It must have been a relatively short post, leading to my confusion as to who was the author. Smile

If my electricity keeps going off all posts will be very, very short.

burnside, Clyde just sent me the link. I had the impression that Patrick posted all the charts.

Maybe Ivy gave everybody permission before she quit. And is that looking like a smart move now, or what?

If my electricity keeps going off all posts will be very, very short.

Yet more evidence of the PPT?

Exhibit 41 is scary. 2006 vintage subprime foreclosure & REO is going off the charts. Who are these people?

For 2006Q1 3.5% of them are getting foreclosed on 8 months after closing -means they stopped paying after a few months or never made a single payment!

Tanta, Ivy's brilliant, really. Paul K. too for that matter.

I'm fine. Sorehead for three minutes and then poof

OT, did everyone see CHina got it's thumb caught in the Blackstone door?

China faces backlash at home over Blackstone investment

Seems they're deleting on line comment.

Um. That's 'China' and 'its'. Apologies to E.B. White.

M-F,
The 2006 buyers?
A family member who was working for a national builder in CA described some of them to me in a way that made me think of the shirtless people who get arrested on the TV show "Cops".

M-F,

That graph was scary at that time. Now the current performance of 2006-Q4 vintages is worse by a few points.

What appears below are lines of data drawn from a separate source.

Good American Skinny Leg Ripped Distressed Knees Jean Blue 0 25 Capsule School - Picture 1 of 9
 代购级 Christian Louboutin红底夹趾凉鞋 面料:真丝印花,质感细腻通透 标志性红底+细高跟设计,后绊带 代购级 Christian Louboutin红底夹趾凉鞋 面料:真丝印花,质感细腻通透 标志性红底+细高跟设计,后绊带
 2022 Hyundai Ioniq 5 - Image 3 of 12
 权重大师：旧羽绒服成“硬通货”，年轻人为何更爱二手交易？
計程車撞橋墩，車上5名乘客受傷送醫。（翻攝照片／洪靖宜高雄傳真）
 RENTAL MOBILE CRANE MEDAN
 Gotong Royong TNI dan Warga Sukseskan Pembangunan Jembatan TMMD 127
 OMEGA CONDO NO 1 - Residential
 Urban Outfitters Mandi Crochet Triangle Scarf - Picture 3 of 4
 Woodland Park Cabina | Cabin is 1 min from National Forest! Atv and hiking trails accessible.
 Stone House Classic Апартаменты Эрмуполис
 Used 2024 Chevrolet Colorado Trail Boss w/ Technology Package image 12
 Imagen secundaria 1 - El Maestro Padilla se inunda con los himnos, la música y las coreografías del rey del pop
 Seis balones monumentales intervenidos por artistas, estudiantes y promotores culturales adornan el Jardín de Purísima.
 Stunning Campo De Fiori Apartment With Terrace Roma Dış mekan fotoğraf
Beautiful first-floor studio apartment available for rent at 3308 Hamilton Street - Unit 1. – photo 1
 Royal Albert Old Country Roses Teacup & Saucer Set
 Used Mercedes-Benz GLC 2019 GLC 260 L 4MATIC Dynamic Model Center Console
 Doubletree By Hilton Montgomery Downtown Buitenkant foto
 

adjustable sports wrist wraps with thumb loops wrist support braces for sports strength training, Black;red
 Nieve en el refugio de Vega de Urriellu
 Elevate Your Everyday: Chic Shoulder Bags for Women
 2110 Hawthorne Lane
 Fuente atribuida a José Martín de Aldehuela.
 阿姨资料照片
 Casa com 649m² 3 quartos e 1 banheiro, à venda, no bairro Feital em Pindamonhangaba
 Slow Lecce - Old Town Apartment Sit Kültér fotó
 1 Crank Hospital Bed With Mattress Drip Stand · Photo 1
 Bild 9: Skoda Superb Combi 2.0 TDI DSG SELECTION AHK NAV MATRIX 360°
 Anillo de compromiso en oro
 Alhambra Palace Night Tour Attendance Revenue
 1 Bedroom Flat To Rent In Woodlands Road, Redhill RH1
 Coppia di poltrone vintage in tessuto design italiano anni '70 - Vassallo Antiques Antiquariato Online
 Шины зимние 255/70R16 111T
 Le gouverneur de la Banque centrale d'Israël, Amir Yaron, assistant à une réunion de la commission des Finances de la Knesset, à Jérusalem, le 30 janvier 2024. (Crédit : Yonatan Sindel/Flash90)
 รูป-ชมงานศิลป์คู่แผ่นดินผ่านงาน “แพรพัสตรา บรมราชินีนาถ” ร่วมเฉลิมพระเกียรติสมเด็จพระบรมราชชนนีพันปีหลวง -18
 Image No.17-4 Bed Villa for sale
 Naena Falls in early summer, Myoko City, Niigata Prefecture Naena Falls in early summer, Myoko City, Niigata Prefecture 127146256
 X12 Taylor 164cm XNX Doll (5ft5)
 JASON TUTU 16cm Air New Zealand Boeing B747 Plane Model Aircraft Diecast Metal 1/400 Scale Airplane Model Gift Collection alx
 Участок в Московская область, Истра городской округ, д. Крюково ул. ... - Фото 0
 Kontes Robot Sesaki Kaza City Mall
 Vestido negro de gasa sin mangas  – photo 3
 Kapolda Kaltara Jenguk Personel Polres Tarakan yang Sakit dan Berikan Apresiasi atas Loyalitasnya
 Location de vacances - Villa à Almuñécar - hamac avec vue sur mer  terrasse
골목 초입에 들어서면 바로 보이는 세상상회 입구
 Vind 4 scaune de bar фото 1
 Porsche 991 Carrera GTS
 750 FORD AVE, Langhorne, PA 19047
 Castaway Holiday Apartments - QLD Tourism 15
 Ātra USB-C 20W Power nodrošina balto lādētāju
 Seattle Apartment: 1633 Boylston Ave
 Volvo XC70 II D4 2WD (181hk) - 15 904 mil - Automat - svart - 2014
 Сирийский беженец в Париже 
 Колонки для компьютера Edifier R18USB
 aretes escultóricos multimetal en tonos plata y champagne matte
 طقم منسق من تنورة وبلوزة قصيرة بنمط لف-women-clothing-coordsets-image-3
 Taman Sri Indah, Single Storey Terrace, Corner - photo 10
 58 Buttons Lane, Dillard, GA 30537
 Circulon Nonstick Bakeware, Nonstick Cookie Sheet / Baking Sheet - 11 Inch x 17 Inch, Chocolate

Arrrrgggggghhhhhh - give me a gun to shoot myself - and maybe them first!

If I were in the market for a house in NV or CA the next few years would be looking good.

Yup, its definitely contained. Nothing to worry about!

Calculated Risk + Clyde

Thanks for the great charts.

Thanks Clyde, Now we can jump off a bridge.

I'm a bit shocked at the high number of No-doc originations in 2006... in San Diego, it was 58%!

Since the customer has to pay extra for the "service" of no providing documentation, I see three possible reasons:

1) laziness
2) opportunity to lie about income or assets
3) issuer gets an extra cut from these loans and steers customers there

Anyone in the real world care to hazard a guess as to the proportions of these? If there is a large percentage of 1) and 3), at least these people are swimming in the debt pool with some shorts on...

Chart 32: 1/3 of all prime originations in 2006 were low/no doc. Should we assume that prime borrowers are less likely to lie on their stated income?

DH,

You'll thank me after you dry off...nothing like air going up your nose at 120 m.p.h. to clear the mind & focus the resolve...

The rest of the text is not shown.